:: Dataset excerpt ::
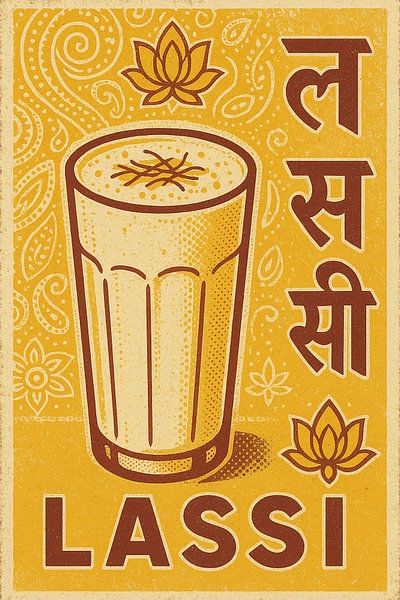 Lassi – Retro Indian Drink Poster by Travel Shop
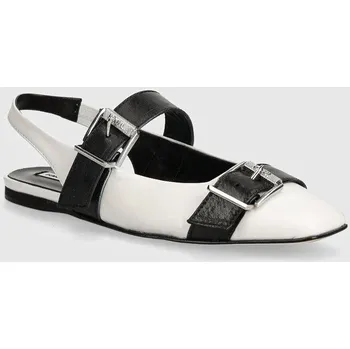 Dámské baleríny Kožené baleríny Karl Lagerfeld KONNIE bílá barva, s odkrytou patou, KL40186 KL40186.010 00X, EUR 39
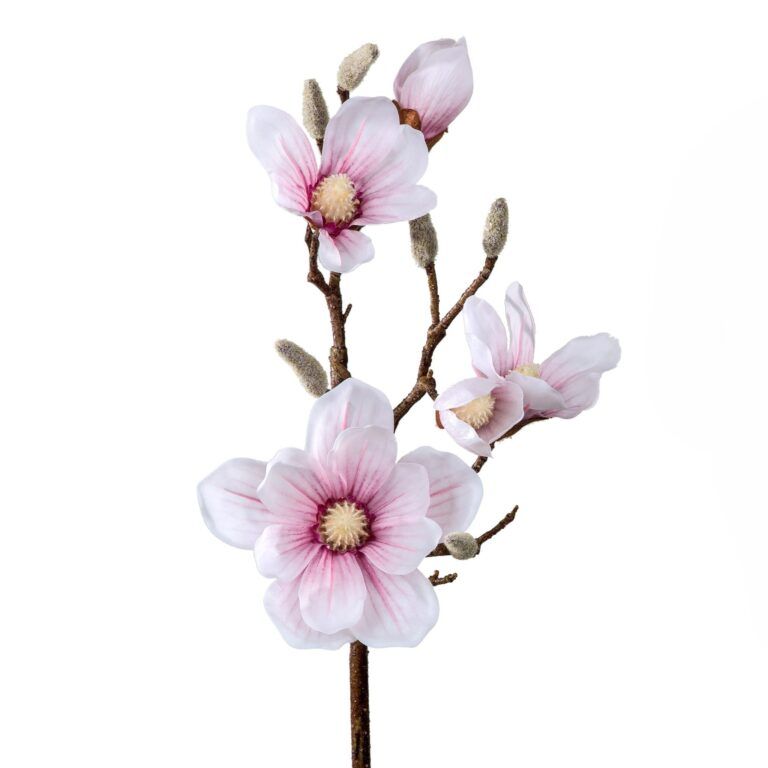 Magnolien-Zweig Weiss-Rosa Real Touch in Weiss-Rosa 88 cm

:: What to produce ::
An exact copy is needed of the lines running from the one containing "Dámské baleríny Kožené" through the last line of the material, and of no others; pictures stay out.

:: Answer box ::
 Dámské baleríny Kožené baleríny Karl Lagerfeld KONNIE bílá barva, s odkrytou patou, KL40186 KL40186.010 00X, EUR 39
 Magnolien-Zweig Weiss-Rosa Real Touch in Weiss-Rosa 88 cm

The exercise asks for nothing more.